Dataset excerpts:

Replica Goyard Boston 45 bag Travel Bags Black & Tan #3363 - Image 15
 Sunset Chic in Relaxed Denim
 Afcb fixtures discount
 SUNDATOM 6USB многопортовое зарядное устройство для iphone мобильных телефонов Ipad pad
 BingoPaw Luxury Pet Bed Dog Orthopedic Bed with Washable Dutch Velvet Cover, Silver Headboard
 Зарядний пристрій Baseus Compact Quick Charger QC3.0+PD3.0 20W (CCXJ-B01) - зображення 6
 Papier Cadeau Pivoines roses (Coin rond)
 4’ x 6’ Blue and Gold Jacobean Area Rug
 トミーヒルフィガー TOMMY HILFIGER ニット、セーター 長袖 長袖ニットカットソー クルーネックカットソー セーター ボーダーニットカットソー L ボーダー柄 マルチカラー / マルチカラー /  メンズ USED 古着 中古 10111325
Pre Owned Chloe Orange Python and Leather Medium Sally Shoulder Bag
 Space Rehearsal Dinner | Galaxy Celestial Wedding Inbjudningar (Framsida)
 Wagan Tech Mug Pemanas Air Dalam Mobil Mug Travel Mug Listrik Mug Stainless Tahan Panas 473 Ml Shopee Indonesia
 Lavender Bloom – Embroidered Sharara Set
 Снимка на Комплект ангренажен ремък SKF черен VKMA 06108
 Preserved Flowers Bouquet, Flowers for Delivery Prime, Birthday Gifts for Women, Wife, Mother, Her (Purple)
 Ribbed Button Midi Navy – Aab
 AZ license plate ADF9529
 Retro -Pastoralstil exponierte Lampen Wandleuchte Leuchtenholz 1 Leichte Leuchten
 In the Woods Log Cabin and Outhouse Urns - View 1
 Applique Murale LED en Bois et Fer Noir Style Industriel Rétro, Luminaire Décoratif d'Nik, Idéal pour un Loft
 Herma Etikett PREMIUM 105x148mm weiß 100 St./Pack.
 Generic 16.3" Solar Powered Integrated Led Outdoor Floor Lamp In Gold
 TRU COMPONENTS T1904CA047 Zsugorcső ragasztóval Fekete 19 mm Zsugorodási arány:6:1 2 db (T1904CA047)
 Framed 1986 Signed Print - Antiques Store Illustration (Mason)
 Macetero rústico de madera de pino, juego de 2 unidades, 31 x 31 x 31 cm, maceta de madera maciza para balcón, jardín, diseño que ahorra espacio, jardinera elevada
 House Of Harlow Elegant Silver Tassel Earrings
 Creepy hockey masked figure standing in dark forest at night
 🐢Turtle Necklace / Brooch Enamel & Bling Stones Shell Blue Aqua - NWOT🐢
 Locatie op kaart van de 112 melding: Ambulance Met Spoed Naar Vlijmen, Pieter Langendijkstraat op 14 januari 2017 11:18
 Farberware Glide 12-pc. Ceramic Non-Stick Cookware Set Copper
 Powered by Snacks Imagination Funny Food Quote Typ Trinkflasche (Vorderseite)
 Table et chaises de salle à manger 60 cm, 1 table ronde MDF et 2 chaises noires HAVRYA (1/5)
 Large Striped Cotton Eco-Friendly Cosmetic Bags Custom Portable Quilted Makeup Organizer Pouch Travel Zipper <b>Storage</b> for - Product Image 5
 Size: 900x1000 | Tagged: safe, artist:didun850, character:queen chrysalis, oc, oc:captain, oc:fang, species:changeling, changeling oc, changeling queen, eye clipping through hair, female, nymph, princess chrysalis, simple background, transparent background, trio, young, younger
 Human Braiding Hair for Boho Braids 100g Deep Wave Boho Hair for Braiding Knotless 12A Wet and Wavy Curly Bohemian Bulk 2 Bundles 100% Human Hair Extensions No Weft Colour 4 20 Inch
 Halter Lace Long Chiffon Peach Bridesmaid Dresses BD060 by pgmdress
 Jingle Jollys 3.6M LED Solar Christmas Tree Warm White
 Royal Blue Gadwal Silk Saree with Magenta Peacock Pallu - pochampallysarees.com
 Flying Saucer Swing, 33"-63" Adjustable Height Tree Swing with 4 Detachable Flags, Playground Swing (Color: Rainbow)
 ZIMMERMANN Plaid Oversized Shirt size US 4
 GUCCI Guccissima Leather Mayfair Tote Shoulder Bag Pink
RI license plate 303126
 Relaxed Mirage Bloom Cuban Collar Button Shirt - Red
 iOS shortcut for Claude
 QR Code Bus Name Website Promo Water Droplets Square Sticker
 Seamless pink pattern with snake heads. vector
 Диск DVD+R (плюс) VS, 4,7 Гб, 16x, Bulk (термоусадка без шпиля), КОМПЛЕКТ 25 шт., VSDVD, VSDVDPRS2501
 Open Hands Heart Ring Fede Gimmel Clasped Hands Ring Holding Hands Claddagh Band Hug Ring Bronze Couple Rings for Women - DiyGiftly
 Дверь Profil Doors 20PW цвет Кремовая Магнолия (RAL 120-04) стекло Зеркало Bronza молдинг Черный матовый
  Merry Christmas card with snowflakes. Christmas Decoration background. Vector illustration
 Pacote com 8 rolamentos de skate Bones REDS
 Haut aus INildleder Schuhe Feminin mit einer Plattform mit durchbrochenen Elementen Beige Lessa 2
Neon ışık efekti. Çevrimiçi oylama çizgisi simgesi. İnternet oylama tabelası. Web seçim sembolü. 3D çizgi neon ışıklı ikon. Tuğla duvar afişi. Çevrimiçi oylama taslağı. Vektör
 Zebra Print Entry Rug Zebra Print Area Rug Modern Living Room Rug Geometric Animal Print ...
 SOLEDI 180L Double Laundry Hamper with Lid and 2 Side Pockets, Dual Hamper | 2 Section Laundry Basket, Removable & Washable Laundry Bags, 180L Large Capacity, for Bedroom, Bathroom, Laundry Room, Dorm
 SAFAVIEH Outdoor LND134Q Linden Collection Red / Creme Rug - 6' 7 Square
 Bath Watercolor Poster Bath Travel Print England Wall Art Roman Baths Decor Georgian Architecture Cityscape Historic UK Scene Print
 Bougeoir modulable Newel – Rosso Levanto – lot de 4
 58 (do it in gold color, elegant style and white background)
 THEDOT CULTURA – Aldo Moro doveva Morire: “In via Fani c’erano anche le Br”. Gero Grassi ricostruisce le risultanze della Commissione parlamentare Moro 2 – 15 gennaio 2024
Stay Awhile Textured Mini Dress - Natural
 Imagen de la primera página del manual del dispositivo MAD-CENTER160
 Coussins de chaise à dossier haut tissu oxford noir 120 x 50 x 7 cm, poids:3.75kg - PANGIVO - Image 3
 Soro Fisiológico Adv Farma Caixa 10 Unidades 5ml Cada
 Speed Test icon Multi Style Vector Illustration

Problem details: Scan the entries above for the word "Shirt", then copy every line in which it occurs.

Response area:
 ZIMMERMANN Plaid Oversized Shirt size US 4
 Relaxed Mirage Bloom Cuban Collar Button Shirt - Red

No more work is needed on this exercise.